Could you transcribe all of the data word for word?

[Short web captions]
※ ※ ※

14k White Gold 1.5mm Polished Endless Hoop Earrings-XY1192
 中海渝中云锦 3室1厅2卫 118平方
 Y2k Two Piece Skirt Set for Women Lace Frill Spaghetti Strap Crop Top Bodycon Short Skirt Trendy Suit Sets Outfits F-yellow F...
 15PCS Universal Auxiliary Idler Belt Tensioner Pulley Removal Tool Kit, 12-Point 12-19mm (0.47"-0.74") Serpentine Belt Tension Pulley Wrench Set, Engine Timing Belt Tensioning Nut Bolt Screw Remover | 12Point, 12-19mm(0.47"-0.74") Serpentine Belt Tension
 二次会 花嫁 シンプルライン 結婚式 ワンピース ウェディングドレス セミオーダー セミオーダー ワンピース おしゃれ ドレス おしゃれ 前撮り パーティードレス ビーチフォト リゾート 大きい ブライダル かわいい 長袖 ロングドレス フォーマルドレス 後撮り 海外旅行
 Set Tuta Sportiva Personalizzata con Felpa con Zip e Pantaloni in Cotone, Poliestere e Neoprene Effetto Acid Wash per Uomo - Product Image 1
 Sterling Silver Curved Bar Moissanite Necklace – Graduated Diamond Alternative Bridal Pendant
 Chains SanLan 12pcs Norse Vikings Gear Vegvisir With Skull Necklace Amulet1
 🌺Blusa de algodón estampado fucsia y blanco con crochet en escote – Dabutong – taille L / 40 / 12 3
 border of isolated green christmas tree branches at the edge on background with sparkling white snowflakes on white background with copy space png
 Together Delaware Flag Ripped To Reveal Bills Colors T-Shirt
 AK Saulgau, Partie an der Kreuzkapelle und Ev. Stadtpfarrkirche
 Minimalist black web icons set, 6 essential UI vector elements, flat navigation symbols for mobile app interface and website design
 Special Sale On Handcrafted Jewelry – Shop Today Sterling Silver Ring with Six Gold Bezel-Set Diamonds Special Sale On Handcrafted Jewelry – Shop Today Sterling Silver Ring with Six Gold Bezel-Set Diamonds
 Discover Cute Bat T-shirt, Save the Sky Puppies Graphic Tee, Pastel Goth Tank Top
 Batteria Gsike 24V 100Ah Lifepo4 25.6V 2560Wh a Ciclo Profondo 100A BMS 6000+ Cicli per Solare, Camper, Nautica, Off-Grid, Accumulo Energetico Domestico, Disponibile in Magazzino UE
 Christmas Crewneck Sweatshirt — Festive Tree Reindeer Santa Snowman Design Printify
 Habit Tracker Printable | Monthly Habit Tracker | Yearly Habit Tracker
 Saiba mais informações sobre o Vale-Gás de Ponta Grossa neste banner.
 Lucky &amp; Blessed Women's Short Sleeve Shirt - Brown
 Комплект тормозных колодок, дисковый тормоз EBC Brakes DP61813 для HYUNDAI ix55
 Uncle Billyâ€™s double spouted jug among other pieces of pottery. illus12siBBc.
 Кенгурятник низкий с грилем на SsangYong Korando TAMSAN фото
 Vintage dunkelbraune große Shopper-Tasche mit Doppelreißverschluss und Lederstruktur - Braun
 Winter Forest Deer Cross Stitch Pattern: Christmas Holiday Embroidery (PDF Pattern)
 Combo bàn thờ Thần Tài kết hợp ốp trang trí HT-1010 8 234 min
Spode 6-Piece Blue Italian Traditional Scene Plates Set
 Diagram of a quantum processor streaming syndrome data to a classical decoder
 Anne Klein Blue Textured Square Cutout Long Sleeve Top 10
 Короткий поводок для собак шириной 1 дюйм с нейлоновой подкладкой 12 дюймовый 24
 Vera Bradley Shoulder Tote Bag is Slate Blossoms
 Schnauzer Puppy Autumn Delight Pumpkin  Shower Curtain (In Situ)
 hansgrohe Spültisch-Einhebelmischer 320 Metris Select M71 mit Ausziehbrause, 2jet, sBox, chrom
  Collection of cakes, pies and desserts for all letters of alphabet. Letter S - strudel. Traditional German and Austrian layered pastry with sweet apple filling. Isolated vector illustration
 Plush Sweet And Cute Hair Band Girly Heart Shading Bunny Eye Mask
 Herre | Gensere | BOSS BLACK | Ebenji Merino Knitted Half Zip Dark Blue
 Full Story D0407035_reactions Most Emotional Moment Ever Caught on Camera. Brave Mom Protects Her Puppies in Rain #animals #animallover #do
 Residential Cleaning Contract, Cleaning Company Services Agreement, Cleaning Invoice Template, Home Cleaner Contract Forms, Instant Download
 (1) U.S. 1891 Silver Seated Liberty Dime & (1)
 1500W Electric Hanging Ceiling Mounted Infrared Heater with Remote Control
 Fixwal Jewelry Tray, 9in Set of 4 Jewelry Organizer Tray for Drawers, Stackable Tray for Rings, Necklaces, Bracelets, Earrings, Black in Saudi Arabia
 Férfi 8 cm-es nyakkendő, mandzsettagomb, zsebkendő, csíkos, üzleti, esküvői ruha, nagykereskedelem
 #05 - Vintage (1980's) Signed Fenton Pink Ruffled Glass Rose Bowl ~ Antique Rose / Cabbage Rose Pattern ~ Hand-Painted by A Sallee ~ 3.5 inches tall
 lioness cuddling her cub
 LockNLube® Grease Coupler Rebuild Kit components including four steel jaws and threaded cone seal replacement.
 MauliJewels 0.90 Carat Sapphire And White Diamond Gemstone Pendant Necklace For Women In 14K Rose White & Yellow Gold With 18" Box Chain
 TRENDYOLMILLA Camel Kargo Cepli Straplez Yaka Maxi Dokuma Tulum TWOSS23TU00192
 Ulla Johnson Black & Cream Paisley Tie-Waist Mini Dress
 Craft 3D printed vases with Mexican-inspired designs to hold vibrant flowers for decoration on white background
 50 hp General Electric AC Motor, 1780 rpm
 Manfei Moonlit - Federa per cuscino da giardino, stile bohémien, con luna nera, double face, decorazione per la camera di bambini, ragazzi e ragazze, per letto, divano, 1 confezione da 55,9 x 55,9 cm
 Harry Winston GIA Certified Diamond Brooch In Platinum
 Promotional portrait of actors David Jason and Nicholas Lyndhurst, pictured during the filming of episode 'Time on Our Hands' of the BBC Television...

※ ※ ※

- _RESULT FOR THIS EXERCISE_:
14k White Gold 1.5mm Polished Endless Hoop Earrings-XY1192
 中海渝中云锦 3室1厅2卫 118平方
 Y2k Two Piece Skirt Set for Women Lace Frill Spaghetti Strap Crop Top Bodycon Short Skirt Trendy Suit Sets Outfits F-yellow F...
 15PCS Universal Auxiliary Idler Belt Tensioner Pulley Removal Tool Kit, 12-Point 12-19mm (0.47"-0.74") Serpentine Belt Tension Pulley Wrench Set, Engine Timing Belt Tensioning Nut Bolt Screw Remover | 12Point, 12-19mm(0.47"-0.74") Serpentine Belt Tension
 二次会 花嫁 シンプルライン 結婚式 ワンピース ウェディングドレス セミオーダー セミオーダー ワンピース おしゃれ ドレス おしゃれ 前撮り パーティードレス ビーチフォト リゾート 大きい ブライダル かわいい 長袖 ロングドレス フォーマルドレス 後撮り 海外旅行
 Set Tuta Sportiva Personalizzata con Felpa con Zip e Pantaloni in Cotone, Poliestere e Neoprene Effetto Acid Wash per Uomo - Product Image 1
 Sterling Silver Curved Bar Moissanite Necklace – Graduated Diamond Alternative Bridal Pendant
 Chains SanLan 12pcs Norse Vikings Gear Vegvisir With Skull Necklace Amulet1
 🌺Blusa de algodón estampado fucsia y blanco con crochet en escote – Dabutong – taille L / 40 / 12 3
 border of isolated green christmas tree branches at the edge on background with sparkling white snowflakes on white background with copy space png
 Together Delaware Flag Ripped To Reveal Bills Colors T-Shirt
 AK Saulgau, Partie an der Kreuzkapelle und Ev. Stadtpfarrkirche
 Minimalist black web icons set, 6 essential UI vector elements, flat navigation symbols for mobile app interface and website design
 Special Sale On Handcrafted Jewelry – Shop Today Sterling Silver Ring with Six Gold Bezel-Set Diamonds Special Sale On Handcrafted Jewelry – Shop Today Sterling Silver Ring with Six Gold Bezel-Set Diamonds
 Discover Cute Bat T-shirt, Save the Sky Puppies Graphic Tee, Pastel Goth Tank Top
 Batteria Gsike 24V 100Ah Lifepo4 25.6V 2560Wh a Ciclo Profondo 100A BMS 6000+ Cicli per Solare, Camper, Nautica, Off-Grid, Accumulo Energetico Domestico, Disponibile in Magazzino UE
 Christmas Crewneck Sweatshirt — Festive Tree Reindeer Santa Snowman Design Printify
 Habit Tracker Printable | Monthly Habit Tracker | Yearly Habit Tracker
 Saiba mais informações sobre o Vale-Gás de Ponta Grossa neste banner.
 Lucky &amp; Blessed Women's Short Sleeve Shirt - Brown
 Комплект тормозных колодок, дисковый тормоз EBC Brakes DP61813 для HYUNDAI ix55
 Uncle Billyâ€™s double spouted jug among other pieces of pottery. illus12siBBc.
 Кенгурятник низкий с грилем на SsangYong Korando TAMSAN фото
 Vintage dunkelbraune große Shopper-Tasche mit Doppelreißverschluss und Lederstruktur - Braun
 Winter Forest Deer Cross Stitch Pattern: Christmas Holiday Embroidery (PDF Pattern)
 Combo bàn thờ Thần Tài kết hợp ốp trang trí HT-1010 8 234 min
Spode 6-Piece Blue Italian Traditional Scene Plates Set
 Diagram of a quantum processor streaming syndrome data to a classical decoder
 Anne Klein Blue Textured Square Cutout Long Sleeve Top 10
 Короткий поводок для собак шириной 1 дюйм с нейлоновой подкладкой 12 дюймовый 24
 Vera Bradley Shoulder Tote Bag is Slate Blossoms
 Schnauzer Puppy Autumn Delight Pumpkin  Shower Curtain (In Situ)
 hansgrohe Spültisch-Einhebelmischer 320 Metris Select M71 mit Ausziehbrause, 2jet, sBox, chrom
  Collection of cakes, pies and desserts for all letters of alphabet. Letter S - strudel. Traditional German and Austrian layered pastry with sweet apple filling. Isolated vector illustration
 Plush Sweet And Cute Hair Band Girly Heart Shading Bunny Eye Mask
 Herre | Gensere | BOSS BLACK | Ebenji Merino Knitted Half Zip Dark Blue
 Full Story D0407035_reactions Most Emotional Moment Ever Caught on Camera. Brave Mom Protects Her Puppies in Rain #animals #animallover #do
 Residential Cleaning Contract, Cleaning Company Services Agreement, Cleaning Invoice Template, Home Cleaner Contract Forms, Instant Download
 (1) U.S. 1891 Silver Seated Liberty Dime & (1)
 1500W Electric Hanging Ceiling Mounted Infrared Heater with Remote Control
 Fixwal Jewelry Tray, 9in Set of 4 Jewelry Organizer Tray for Drawers, Stackable Tray for Rings, Necklaces, Bracelets, Earrings, Black in Saudi Arabia
 Férfi 8 cm-es nyakkendő, mandzsettagomb, zsebkendő, csíkos, üzleti, esküvői ruha, nagykereskedelem
 #05 - Vintage (1980's) Signed Fenton Pink Ruffled Glass Rose Bowl ~ Antique Rose / Cabbage Rose Pattern ~ Hand-Painted by A Sallee ~ 3.5 inches tall
 lioness cuddling her cub
 LockNLube® Grease Coupler Rebuild Kit components including four steel jaws and threaded cone seal replacement.
 MauliJewels 0.90 Carat Sapphire And White Diamond Gemstone Pendant Necklace For Women In 14K Rose White & Yellow Gold With 18" Box Chain
 TRENDYOLMILLA Camel Kargo Cepli Straplez Yaka Maxi Dokuma Tulum TWOSS23TU00192
 Ulla Johnson Black & Cream Paisley Tie-Waist Mini Dress
 Craft 3D printed vases with Mexican-inspired designs to hold vibrant flowers for decoration on white background
 50 hp General Electric AC Motor, 1780 rpm
 Manfei Moonlit - Federa per cuscino da giardino, stile bohémien, con luna nera, double face, decorazione per la camera di bambini, ragazzi e ragazze, per letto, divano, 1 confezione da 55,9 x 55,9 cm
 Harry Winston GIA Certified Diamond Brooch In Platinum
 Promotional portrait of actors David Jason and Nicholas Lyndhurst, pictured during the filming of episode 'Time on Our Hands' of the BBC Television...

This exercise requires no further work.